Segment Start: EXCERPTED DATA
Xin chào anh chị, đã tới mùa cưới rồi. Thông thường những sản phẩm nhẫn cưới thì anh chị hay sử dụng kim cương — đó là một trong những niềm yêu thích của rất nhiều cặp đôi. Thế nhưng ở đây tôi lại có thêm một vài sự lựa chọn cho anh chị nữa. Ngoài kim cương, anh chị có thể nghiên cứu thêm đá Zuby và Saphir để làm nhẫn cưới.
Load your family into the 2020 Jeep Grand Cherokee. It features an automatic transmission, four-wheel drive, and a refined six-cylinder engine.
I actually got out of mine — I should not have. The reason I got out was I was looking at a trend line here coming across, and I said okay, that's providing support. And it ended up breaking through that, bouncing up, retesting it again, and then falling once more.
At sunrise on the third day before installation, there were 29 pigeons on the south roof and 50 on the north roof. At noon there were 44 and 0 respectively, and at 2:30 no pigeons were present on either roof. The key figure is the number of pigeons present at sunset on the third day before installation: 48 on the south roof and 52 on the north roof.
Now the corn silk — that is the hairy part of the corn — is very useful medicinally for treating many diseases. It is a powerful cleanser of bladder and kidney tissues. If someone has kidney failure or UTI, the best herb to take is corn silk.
Segment End: EXCERPTED DATA
Segment Start: EXCERPTED DATA
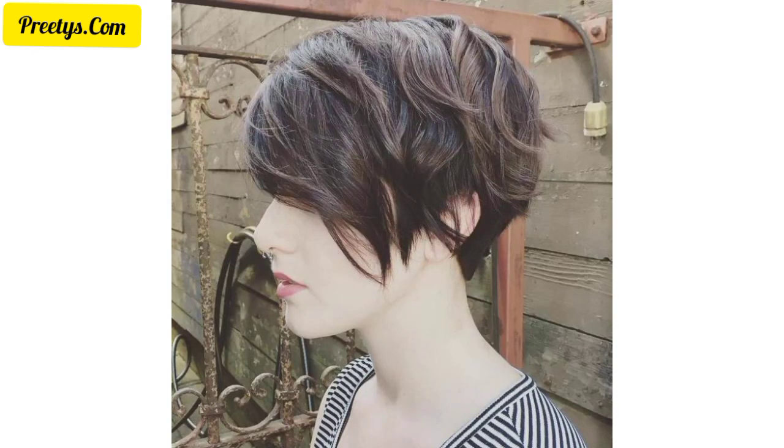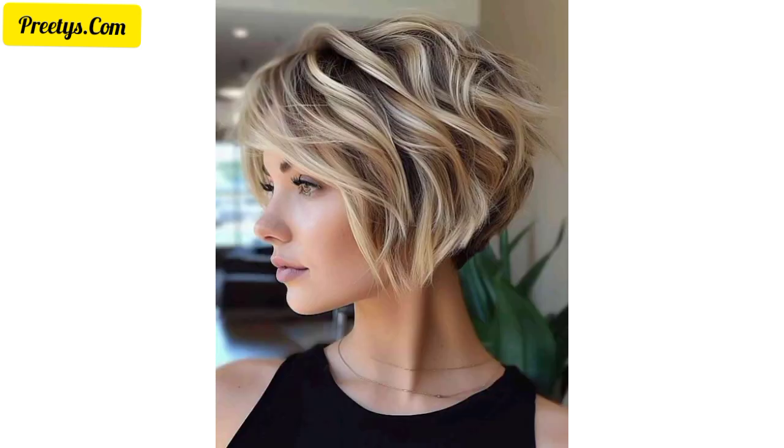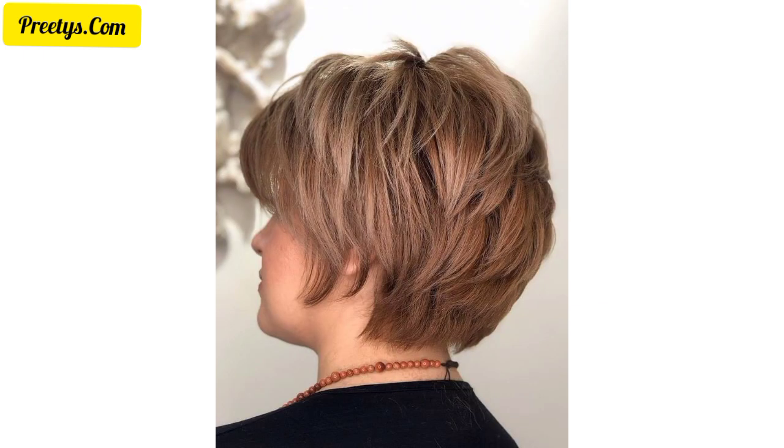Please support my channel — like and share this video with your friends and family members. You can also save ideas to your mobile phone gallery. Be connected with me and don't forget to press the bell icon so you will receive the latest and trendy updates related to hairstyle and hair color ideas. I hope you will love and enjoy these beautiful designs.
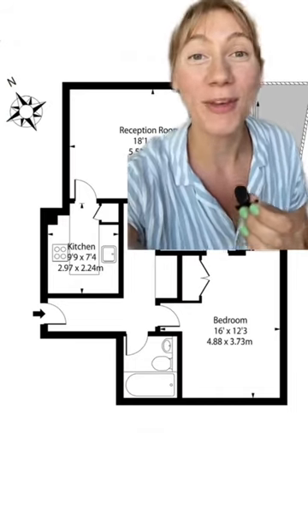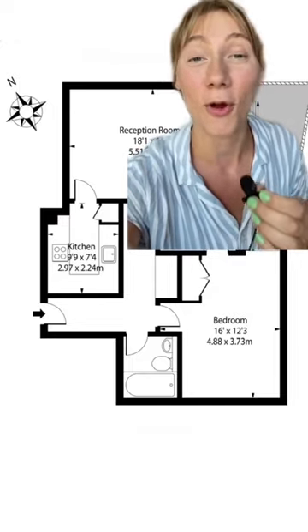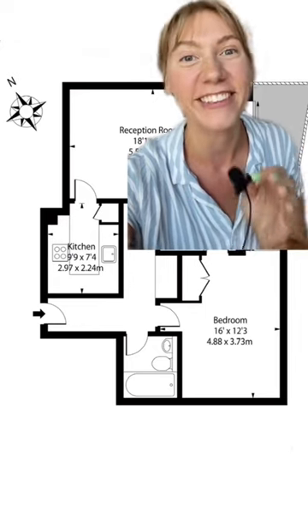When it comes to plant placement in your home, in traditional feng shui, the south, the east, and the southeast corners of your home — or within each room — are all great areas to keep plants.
Segment End: EXCERPTED DATA
TASK DIRECTIONS: Give again exactly, and only, the lines above starting at the one with "At sunrise on" and ending at the one with "Now the corn".

ANSWER SECTION:
At sunrise on the third day before installation, there were 29 pigeons on the south roof and 50 on the north roof. At noon there were 44 and 0 respectively, and at 2:30 no pigeons were present on either roof. The key figure is the number of pigeons present at sunset on the third day before installation: 48 on the south roof and 52 on the north roof.
Now the corn silk — that is the hairy part of the corn — is very useful medicinally for treating many diseases. It is a powerful cleanser of bladder and kidney tissues. If someone has kidney failure or UTI, the best herb to take is corn silk.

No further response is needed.